Schmitt należy do moich ulubionych
autorów, mimo że przez wielu nazywany jest lepszym
Coelho, którego swoją drogą nie czytałam (tak, ani jednej książki). Zaczęło
się jeszcze w gimnazjum, kiedy to w szkolnej bibliotece, na półce z polecanymi
książkami, wypatrzyłam Moje Ewangelie,
a pani bibliotekarka dorzuciła mi Dziecko
Noego, mówiąc że jeśli jeszcze nie znam tego autora, powinnam od niej
zacząć. I zrodziła się miłość.
Przez lata zaczęłam
zauważać, że nie do końca odpowiadają mi mocno religijne przesłania zawarte w
książkach Schmitta. Czytałam zbiory opowiadań, z których żadne mi się nie
podobało, inne w których widziałam bardzo nierówny poziom tekstów. A mimo to,
cały czas namiętnie czytam i pragnę skompletować wszystko co wychodzi z pod
jego pióra (Cały czas nie mogę wybaczyć Wydawnictwu Znak, że zmienił szatę
graficzną okładek… dobrze chociaż, że nadal wszystkie są w wersji w grubej
okładce).
Napój miłosny
jest zapisem korespondencji między Luizą i Adamem, z której dowiadujemy się, że
byli kiedyś parą, a wcześniej łączyły ich relacje psychoterapeuta – pacjentka.

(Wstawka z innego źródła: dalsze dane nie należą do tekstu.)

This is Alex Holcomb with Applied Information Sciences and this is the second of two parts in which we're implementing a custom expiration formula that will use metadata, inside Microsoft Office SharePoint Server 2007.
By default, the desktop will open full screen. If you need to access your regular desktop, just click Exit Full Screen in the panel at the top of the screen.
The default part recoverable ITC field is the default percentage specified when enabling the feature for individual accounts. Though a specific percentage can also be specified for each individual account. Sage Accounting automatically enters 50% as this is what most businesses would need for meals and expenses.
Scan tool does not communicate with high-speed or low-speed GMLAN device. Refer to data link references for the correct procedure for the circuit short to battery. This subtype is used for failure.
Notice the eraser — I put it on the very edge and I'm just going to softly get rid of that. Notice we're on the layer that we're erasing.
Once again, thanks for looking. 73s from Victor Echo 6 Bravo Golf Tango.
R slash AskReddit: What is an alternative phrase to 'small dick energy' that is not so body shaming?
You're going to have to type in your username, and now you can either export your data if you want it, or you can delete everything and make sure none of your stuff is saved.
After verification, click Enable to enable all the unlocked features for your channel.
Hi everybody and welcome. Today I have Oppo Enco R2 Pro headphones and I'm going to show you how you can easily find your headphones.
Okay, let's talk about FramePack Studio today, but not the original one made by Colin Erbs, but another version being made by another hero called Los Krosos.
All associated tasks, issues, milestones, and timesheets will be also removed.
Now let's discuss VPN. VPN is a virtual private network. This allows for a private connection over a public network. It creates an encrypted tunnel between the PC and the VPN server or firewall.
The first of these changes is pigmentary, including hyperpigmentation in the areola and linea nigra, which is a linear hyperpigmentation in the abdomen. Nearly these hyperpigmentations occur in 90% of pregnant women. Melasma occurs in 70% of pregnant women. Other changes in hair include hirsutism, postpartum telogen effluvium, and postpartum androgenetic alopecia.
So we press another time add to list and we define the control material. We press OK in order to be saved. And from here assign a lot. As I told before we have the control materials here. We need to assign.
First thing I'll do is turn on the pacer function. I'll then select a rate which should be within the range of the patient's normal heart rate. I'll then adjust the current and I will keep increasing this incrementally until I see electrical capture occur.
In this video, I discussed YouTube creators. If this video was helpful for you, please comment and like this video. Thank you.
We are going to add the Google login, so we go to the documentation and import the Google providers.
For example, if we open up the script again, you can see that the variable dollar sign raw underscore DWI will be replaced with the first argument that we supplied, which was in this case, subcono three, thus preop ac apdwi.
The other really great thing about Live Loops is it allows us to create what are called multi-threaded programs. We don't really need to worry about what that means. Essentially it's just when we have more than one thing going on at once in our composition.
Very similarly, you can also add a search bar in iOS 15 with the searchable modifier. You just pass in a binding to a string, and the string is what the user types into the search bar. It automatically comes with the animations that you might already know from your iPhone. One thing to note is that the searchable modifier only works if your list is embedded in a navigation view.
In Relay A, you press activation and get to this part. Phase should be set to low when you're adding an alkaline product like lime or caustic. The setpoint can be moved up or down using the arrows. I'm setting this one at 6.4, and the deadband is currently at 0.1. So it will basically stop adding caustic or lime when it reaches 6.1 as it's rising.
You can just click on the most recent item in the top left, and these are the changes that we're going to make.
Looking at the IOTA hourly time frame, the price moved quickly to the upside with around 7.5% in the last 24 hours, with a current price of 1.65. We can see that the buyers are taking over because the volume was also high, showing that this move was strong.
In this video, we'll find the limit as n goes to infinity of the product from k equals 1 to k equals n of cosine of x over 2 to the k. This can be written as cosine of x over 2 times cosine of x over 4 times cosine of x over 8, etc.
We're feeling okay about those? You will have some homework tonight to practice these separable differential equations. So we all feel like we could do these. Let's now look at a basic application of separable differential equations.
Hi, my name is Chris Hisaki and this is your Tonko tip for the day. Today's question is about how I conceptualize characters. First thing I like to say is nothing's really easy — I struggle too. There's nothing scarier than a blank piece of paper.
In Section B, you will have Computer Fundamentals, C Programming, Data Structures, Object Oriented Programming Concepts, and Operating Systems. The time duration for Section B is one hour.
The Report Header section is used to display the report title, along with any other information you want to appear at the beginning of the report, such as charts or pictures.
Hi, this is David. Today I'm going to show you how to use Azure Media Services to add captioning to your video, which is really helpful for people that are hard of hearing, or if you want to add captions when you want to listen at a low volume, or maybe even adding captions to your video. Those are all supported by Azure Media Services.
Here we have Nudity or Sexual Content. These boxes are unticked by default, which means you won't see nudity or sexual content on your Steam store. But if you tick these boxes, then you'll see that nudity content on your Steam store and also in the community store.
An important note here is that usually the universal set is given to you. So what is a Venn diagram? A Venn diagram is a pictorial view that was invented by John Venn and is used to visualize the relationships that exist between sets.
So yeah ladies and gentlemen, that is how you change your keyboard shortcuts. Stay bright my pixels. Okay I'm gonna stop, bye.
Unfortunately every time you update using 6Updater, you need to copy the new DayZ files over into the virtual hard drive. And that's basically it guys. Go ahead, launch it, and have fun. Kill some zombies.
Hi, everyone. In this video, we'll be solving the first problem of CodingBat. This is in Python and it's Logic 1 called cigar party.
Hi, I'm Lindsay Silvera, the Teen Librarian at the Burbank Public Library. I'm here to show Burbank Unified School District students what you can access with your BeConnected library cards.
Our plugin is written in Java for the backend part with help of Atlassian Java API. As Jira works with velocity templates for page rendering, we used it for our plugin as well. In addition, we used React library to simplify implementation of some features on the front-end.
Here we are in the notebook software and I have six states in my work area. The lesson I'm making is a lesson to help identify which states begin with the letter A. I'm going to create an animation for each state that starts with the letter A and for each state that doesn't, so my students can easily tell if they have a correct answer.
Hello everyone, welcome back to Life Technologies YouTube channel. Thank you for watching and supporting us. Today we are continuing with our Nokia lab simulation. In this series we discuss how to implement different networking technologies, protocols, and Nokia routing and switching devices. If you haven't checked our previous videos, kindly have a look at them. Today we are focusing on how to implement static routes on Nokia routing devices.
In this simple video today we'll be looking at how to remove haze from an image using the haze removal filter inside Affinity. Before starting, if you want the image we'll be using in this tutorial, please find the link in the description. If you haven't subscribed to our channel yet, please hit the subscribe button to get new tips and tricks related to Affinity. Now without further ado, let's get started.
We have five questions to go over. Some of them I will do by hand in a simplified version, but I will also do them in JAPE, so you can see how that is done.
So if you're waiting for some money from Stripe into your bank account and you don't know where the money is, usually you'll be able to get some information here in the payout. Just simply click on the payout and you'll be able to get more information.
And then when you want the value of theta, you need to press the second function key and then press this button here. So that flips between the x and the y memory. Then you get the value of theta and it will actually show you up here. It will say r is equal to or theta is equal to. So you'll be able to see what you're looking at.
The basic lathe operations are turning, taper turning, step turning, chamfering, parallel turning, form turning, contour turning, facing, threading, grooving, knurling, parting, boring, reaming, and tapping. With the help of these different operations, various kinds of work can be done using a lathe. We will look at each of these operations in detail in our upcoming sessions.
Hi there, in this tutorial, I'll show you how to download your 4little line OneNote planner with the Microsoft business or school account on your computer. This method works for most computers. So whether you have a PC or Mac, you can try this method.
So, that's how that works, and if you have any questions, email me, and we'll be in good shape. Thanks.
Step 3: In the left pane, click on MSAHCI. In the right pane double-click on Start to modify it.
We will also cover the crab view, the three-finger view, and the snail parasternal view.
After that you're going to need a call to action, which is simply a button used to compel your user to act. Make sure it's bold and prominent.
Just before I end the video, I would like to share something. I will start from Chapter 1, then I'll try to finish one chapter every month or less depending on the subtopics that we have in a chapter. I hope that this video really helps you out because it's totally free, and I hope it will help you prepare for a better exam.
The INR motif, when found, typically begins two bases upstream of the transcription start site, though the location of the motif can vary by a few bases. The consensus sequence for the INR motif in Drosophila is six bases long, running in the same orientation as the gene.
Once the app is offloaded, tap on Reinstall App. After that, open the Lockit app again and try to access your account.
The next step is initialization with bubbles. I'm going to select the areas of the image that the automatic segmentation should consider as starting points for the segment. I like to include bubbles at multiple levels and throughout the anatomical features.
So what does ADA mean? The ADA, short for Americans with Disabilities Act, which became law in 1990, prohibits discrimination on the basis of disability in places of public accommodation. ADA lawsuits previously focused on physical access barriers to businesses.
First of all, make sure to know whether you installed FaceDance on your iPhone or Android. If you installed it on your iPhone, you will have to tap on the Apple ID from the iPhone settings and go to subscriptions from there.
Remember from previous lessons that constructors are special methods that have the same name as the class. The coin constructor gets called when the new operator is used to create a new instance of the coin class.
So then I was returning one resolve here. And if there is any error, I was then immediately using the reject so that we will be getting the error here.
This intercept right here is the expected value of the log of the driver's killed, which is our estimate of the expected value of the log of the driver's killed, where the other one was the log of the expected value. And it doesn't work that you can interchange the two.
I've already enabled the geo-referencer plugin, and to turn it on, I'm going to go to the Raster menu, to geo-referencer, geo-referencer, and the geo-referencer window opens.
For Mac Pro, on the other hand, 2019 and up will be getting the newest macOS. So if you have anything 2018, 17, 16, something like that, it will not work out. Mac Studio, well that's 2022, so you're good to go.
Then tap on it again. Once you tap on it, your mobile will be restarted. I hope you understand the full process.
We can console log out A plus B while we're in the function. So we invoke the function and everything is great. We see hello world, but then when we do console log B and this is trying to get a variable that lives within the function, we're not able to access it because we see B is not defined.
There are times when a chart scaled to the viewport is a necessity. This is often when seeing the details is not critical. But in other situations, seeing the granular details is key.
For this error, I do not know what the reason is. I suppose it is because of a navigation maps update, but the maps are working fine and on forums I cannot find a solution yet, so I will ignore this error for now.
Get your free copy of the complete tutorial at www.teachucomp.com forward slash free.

Co się stało? Otóż Luiza doszła do wniosku, że nie odpowiada jej związek z
Adamem, zostawiła go i wyjechała z Paryża do Kanady. Jakiś czas po tym,
nawiązują internetową korespondencję, w której zwierzają się sobie z
codzienności, z nowych związków oraz dyskutują na tematy związane m.in. z
psychoanalizą i miłością. Adam uważa, że posiada „napój miłosny” i jest w
stanie rozkochać w sobie każdą kobietą, a Luiza „podsyła” mu koleżankę, na
której Adam chce udowodnić swoją teorię.
Jak łatwo się
domyśleć eksperyment Adama przekształci się w prawdziwe uczucie. Trudniej jest
jednak zgadnąć jak zakończy się cała sytuacja, jak zachowa się Luiza i co o tym
wszystkim pomyśli Lili. Przyznam szczerze, że nie spodziewałam się takiego
obrotu sprawy.
Czytając Napój nie mogłam się pozbyć skojarzenia
z Małymi zbrodniami małżeńskimi.
Schmitt ponownie porusza kwestię tego, czym jest miłość oraz czy można jej
pozwalać na wszystko. Mam wrażenie, że po tej lekturze, nie każdy
odpowiedziałby sobie na te pytania tak samo jak ja. I to jest chyba to, co cały
czas mnie pociąga w utworach Schmitta. To, że każdą książkę mogę czytać kilka
razy i za każdym razem mogę ją odebrać inaczej. Nawet jeśli są to urocze
ramotki i bardziej inteligentna wersja Coelho.
Pozostaje mi jedynie
dodać, że Napój miłosny jest niedługi
i czyta się ekspresem. Książki przeczytałam w tramwaju z Gdańska Głównego do
Oliwy i z powrotem, czyli przez jakieś…50 minut. To był u mnie okres bardzo
intensywnej nauki, kiedy nie miałam czasu na książki nie związane ze studiami. Napój kupiłam w empikowej promocji,
wsiadłam w tramwaj, a następnie zorientowałam się, że książka jest już
przeczytana. Okazało się, że jest to lektura idealna w takich sytuacjach (i
jakoś bardziej mi odpowiadała taka forma, niż tomik z opowiadaniami).
Jeśli lubicie
Schmitta to nie muszę Was namawiać do sięgnięcia po Napój miłosny. Jeśli nie znacie (jest możliwe żeby ktoś nie znał Oskara i Pani Róży?) to dajcie szansę. A
jeśli nie lubicie, to dajcie nam darzyć go niezrozumiałą dla nas samych,
miłością. ;)
Eric Emmanuel Schmitt Napój miłosny, Wydawnictwo Znak, s.139
Temat nie bardzo mi leży może inny tytuł mnie zaintersuje.